Sedangkan Ibu tak berani mempercayai apa-apa lagi."
Naskah Awas (yang tak sempat saya baca) agaknya penuh dengan
dialog-dialog yang mempunyai asosiasi dengan keadaan kita kini.
Perbedaan keyakinan antara Anak-anak dan Bapak, telah
membangkitkan semangat barbar. Tapi dengan demikian, berbeda
dengan naskah Putu yang lain--Edan misalnya-gambaran hitam
naluri manusia mendapatkan pengesahan dalam Awas. Kekerasan dan
kesadisan di situ tak lagi terasa begitu mengerikan, karena
terjadi dalam perang. Dan seperti biasanya, Putu sempat
menyelipkan dialog-dialog yang memancing tawa, adegan-adegan
yang lucu meski getir.

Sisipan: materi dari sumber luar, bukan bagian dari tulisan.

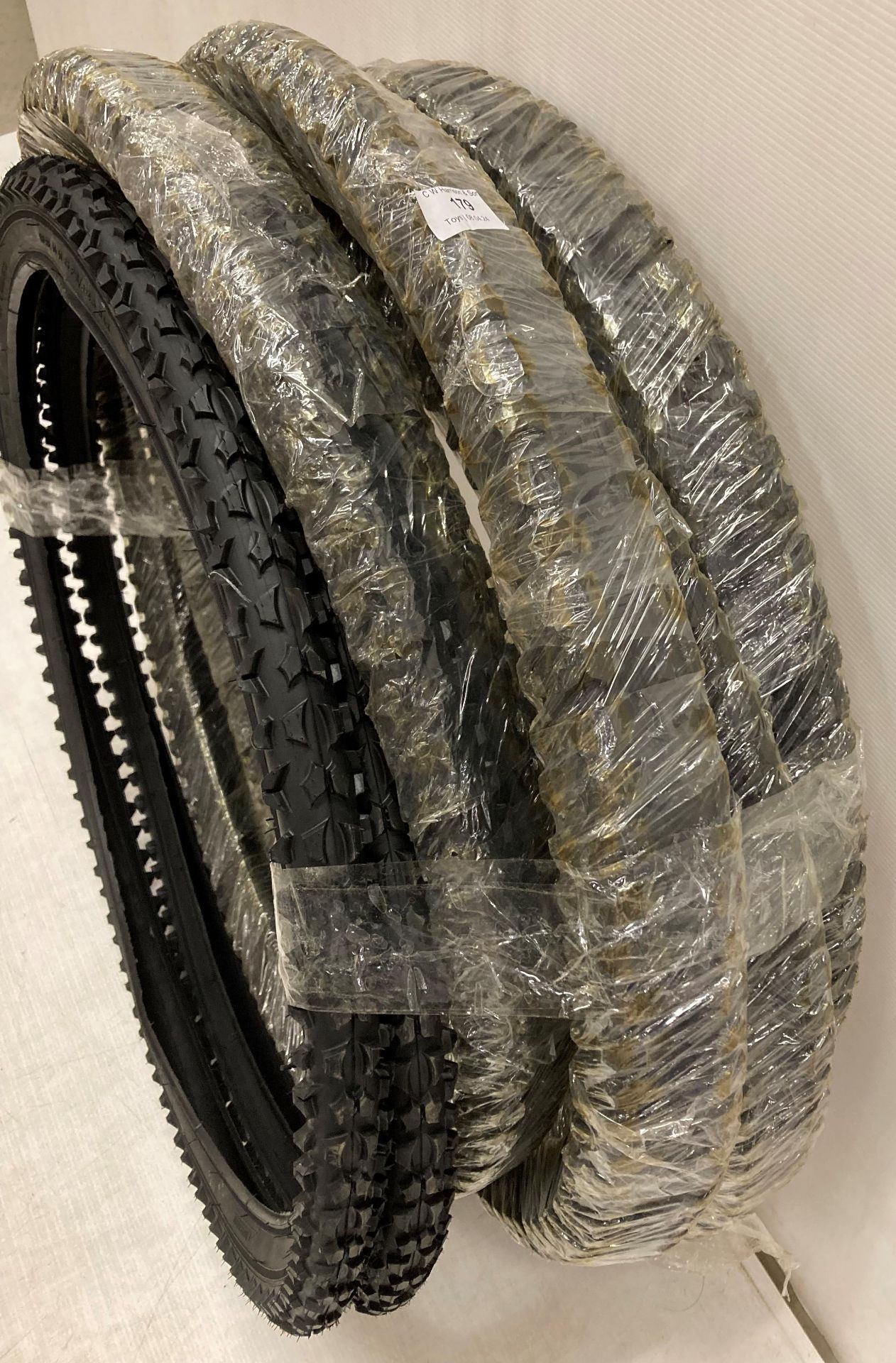 10 x Avocet 26" bicycle tyres (saleroom location: M06) - Image 2 of 2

Misalnya, ketika Ibu menyuruh bayinya
masuk kembali ke dalam rahim.
Panggung Teater Tertutup TIM, 24 Pebruari sampai dengan 2 Maret
yang lalu, dihias dengan dolken-dolken dan trap-trap yang
merupakan titik-titik sudut sebuah segi tiga--alasnya frontal
menghadap penonton. Maka panggung itu pun terasa melebar,
apalagi ditambah kain yang menutup "atap" panggung dan "atap"
bagian depan kursi penonton. Agaknya memang disediakan untuk
adegan-adegan yang kolosal: perang. Dan tongkat panjang
berbendera yang selalu digerak-gerakkan oleh salah seorang
pemain, rasanya memang mau menyuguhkan suasana yang selalu ribut
dan kacau.
Tapi apakah yang bisa dibicarakan dalam peperangan? Ketakutan
Bapak dan Ibu akan punahnya keturunan mereka. Juga ketakutan
kalau Adik yang akan lahir pun adalah calon pengobar dan korban
peperangan. Perdamaian abadi, agaknya, hanya bisa dinikmati oleh
mereka yang telah mati (Bapak yang mendengar suara-suara
perdamaian abadi, sebetulnya telah mati, tapi kemudian hidup
lagi).
Maka, pertunjukan yang makan waktu kurang lebih dua jam ini,
dialog-dialog terasa stereotip. Rasanya tak ada perlunya dengan
cermat mengikuti apa kata pemain. Sementara gaya pementasan
Teater Mandiri masih tak beranjak dari: gerak-gerak yang keras,
suara-suara yang keras (misalnya kayu-kayu yang
digedruk-gedrukkan ke lantai panggung) dan adegan-adegan sadis
(orang ditembak, orang dipenggal kepalanya).
Kita pun merasa lelah, begitu separo pertunjukan terlewati.
Kalau Putu menulis dalam folder, bahwa pementasan ini beridekan
film karton, rasanya film karton yang masih sederhana sekali.
Film karton yang tak memungkinkan variasi adegan-adegan.
Dari sebuah naskah yang kira-kira akan membosankan bila diikuti
sampai habis, mustinya adegan-adegan bisa mengusir kebosanan.
Menurut saya, Putu kali ini tak memberikan itu. Seorang pemain
yang turun ke penonton dan berteriak-teriak di situ pun, tak
berhasil menggoncang panggung agar tak terasa begitu-begitu
saja. Juga usaha pergantian suasana dengan pemain-pemain yang
mengenakan topeng, tak berhasil mengusir nada tunggal irama
pementasan.
Mungkin naskah Awas memang sarat dengan
pengulangan-pengulangan. Dan seorang sutradara yang sekaligus
penulis naskahnya, mungkin merasa sayang bila harus memotong
dialog-dialog. Itu barangkali sebabnya. Soalnya kita tak
menyangsikan kemampuan Putu, yang telah pernah menyuguhkan Lho
yang demikian kaya nuansa, yang demikian mencekam dari awal
sampai akhir.
Singkatnya, Awas terasa mengulur-ulur waktu.